A joint ground-spacecraft study of the polar cap from January to March, 1997 shows that the dawn and dusk boundaries identified on the meridian scanning photometer scans from Eureka, in the central polar cap, agree well with the boundaries seen by the Interball-2 UVAI images for northward interplanetary magnetic field (IMF) B z conditions. These boundaries are displaced duskward when B y is positive and dawnward when B y is negative. There are observable discrete emissions (above airglow) from the polar cap during much of the time. From four periods of extended observations, two contrasting types of polar caps emerge. For northward IMF B z the polar cap is constricted in the dawn–dusk direction. Sun-aligned arcs emerge from the auroral oval (from the dawn flank with B y positive and the dusk flank with B y negative) and drift across the polar cap.
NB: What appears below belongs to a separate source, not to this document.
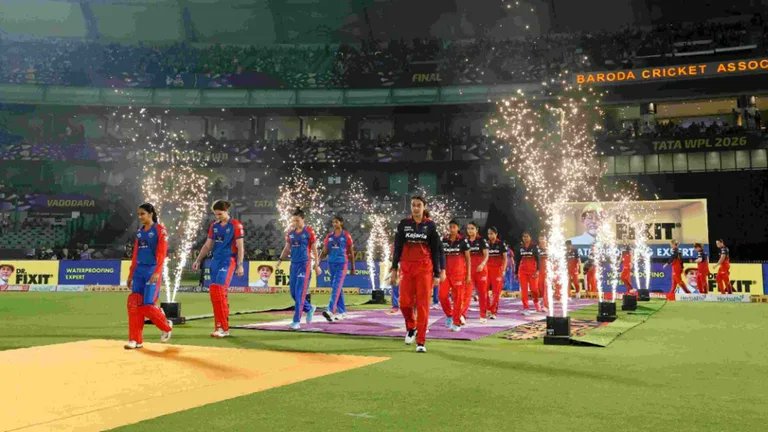 SeenaVn's tweet photo. #WPLFinal #EESALAKOODACUPNAMDU Well done #RCB https://t.co/CwBxBkR1wj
In some cases, but not all, they appear following transients in the IMF B y or B z . For southward IMF B z the central polar cap frequently has F-region plasma patches extending across much of the polar cap and drifting antisunward. Two auroral substorms occur, the first one (10 February 1997) showing a poleward auroral expansion along much of the oval and followed by a series of elongated, periodic F-layer patches. The second substorm (02 March 1997) has a poleward expansion confined to the midnight sector and the F-layer patches which subsequently appear are quite different (fainter and less extended), perhaps reflecting differing stability of ion flow patterns across the polar cap. While the extended views of the polar cap from the ground reveal much of the dynamics of polar arcs and patches in response to solar wind IMF changes, there are still unanswered questions as to the triggering mechanisms for both. And the onset and progress of auroral substorms in relation to F-layer patch formation and motion requires further investigation. One polar arc on January 22 recorded by the UVAI and the Eureka photometer permitted a determination of the UVAI sensitivity, indicating 1 CCD count corresponded to 1.5 R of 630 nm emission. This calibration value is specific to this type of aurora (low energy with a I630/I558 ratio of >1). The UVAI images showed that the arc was a theta aurora, indicating that such auroras can be excited by either energetic electrons or soft electrons.